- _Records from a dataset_
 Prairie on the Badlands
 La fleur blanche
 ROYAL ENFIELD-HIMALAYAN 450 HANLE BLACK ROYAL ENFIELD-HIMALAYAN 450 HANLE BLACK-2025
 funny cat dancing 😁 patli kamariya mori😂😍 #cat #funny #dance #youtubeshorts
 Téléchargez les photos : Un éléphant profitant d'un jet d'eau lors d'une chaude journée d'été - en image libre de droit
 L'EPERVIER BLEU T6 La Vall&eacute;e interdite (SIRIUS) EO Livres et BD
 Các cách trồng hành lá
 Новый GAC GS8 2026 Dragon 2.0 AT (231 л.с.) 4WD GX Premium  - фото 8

- _Task description_
The lines beginning with the one that holds "ROYAL ENFIELD-HIMALAYAN 450 HANLE BLACK ROYAL" and ending with the last line of the data above are to be reproduced exactly, and nothing else.

- _Exercise output_
 ROYAL ENFIELD-HIMALAYAN 450 HANLE BLACK ROYAL ENFIELD-HIMALAYAN 450 HANLE BLACK-2025
 funny cat dancing 😁 patli kamariya mori😂😍 #cat #funny #dance #youtubeshorts
 Téléchargez les photos : Un éléphant profitant d'un jet d'eau lors d'une chaude journée d'été - en image libre de droit
 L'EPERVIER BLEU T6 La Vall&eacute;e interdite (SIRIUS) EO Livres et BD
 Các cách trồng hành lá
 Новый GAC GS8 2026 Dragon 2.0 AT (231 л.с.) 4WD GX Premium  - фото 8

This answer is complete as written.